>>>>
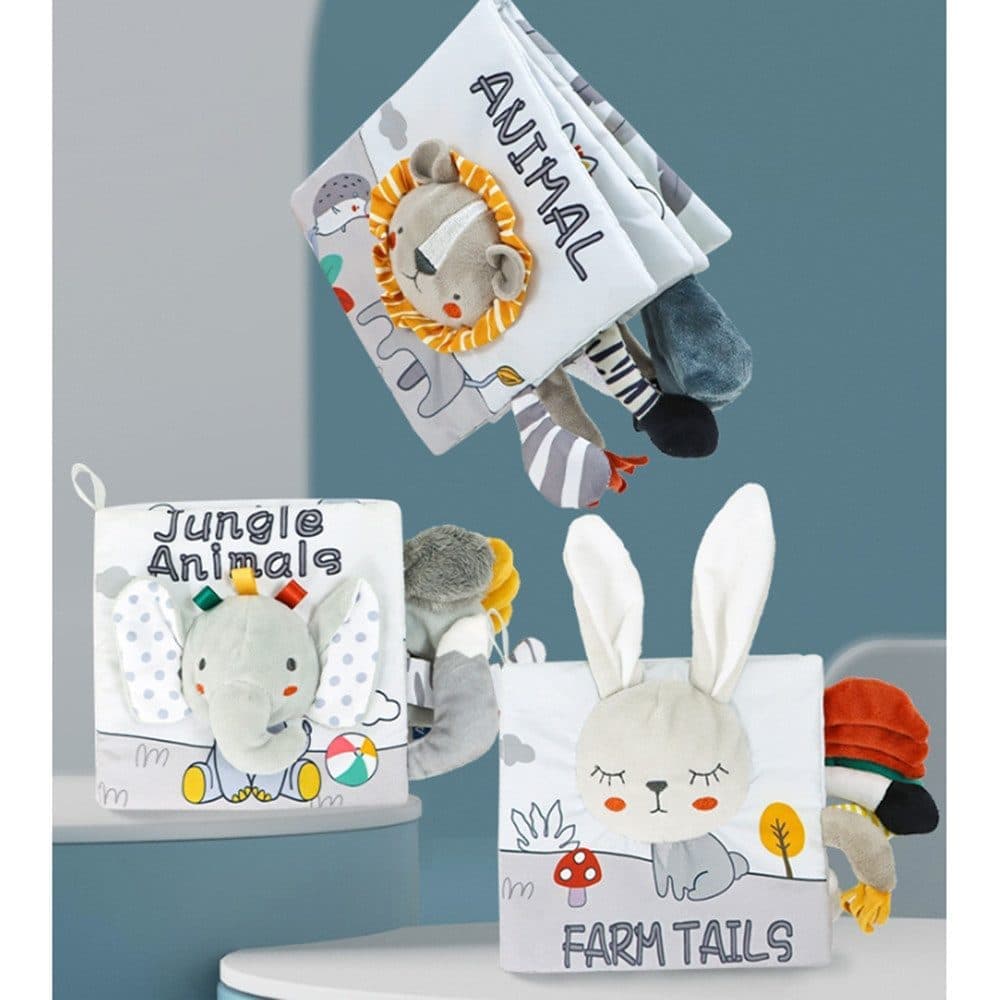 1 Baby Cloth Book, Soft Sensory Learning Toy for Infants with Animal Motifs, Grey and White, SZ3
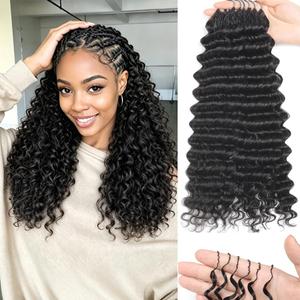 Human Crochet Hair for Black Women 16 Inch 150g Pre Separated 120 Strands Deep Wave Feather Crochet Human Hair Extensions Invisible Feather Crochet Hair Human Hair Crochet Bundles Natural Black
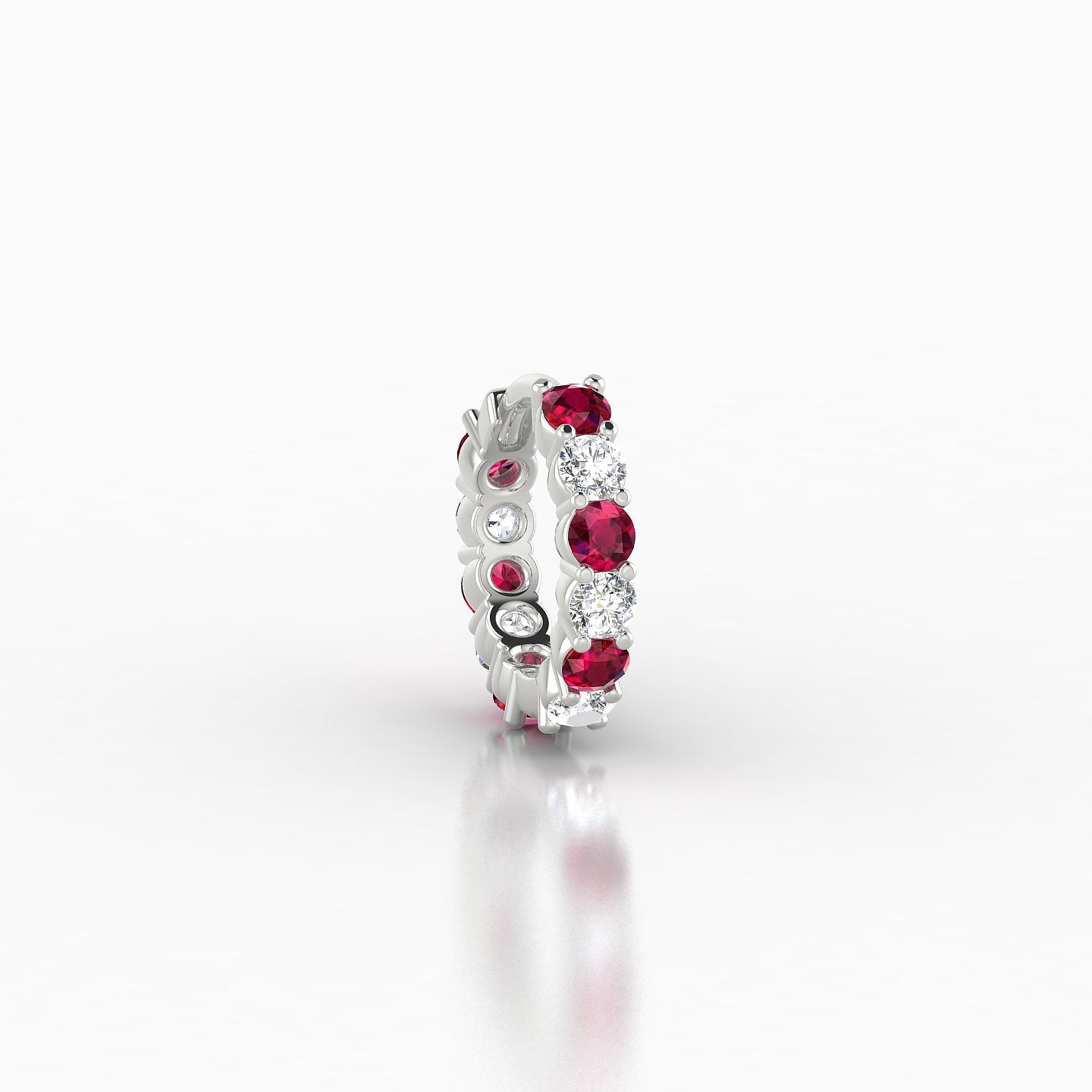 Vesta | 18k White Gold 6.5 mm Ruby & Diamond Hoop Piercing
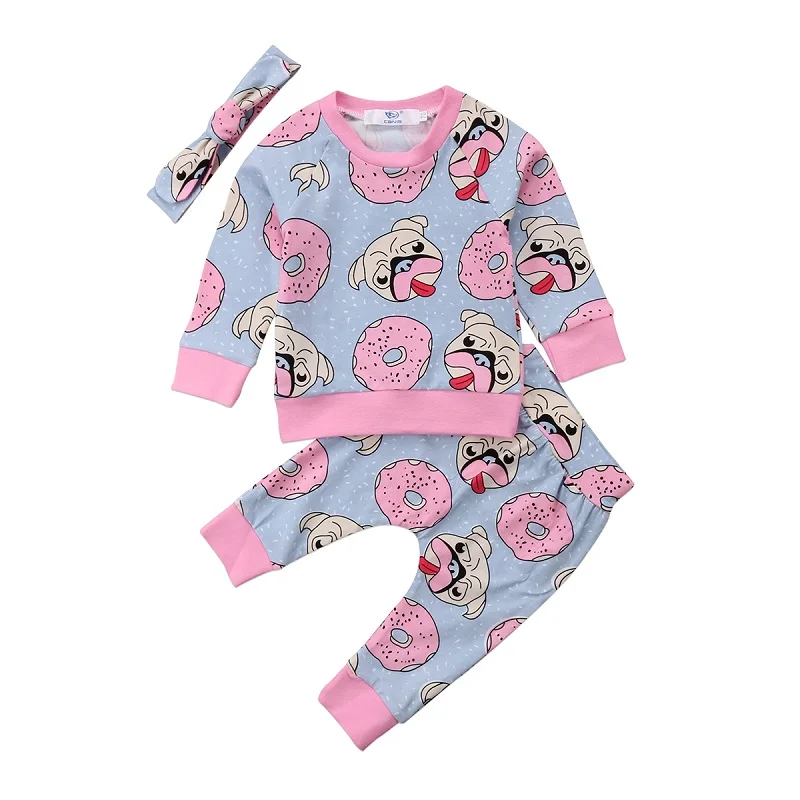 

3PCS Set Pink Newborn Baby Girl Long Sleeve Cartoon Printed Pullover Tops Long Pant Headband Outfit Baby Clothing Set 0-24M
<<<<
>>>>
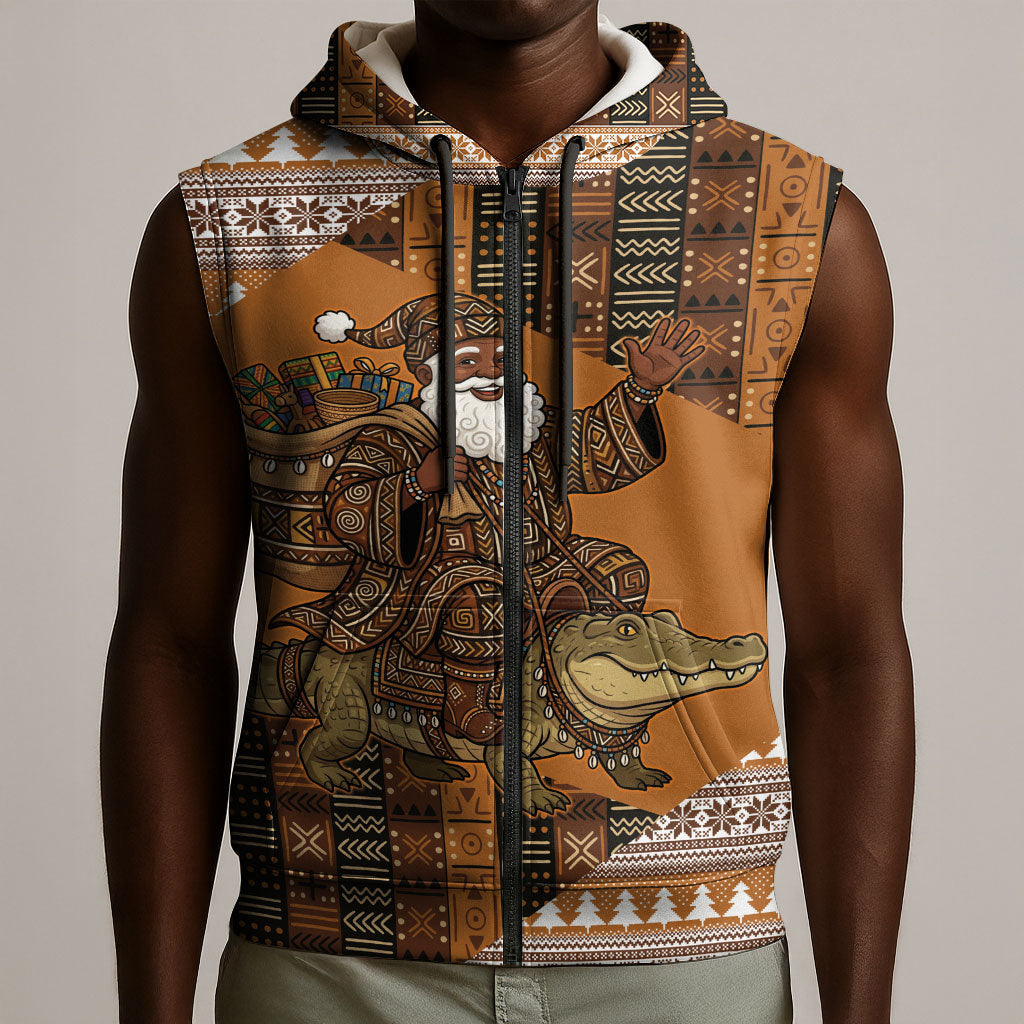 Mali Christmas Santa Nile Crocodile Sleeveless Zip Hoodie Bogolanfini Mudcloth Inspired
<<<<
- **Work instructions**: Extract from the material above the stretch running from the line containing "1 Baby Cloth" through the line containing "3PCS Set Pink". Keep the text exact and the pictures out.

- **Response**:
 1 Baby Cloth Book, Soft Sensory Learning Toy for Infants with Animal Motifs, Grey and White, SZ3
 Human Crochet Hair for Black Women 16 Inch 150g Pre Separated 120 Strands Deep Wave Feather Crochet Human Hair Extensions Invisible Feather Crochet Hair Human Hair Crochet Bundles Natural Black
 Vesta | 18k White Gold 6.5 mm Ruby & Diamond Hoop Piercing

3PCS Set Pink Newborn Baby Girl Long Sleeve Cartoon Printed Pullover Tops Long Pant Headband Outfit Baby Clothing Set 0-24M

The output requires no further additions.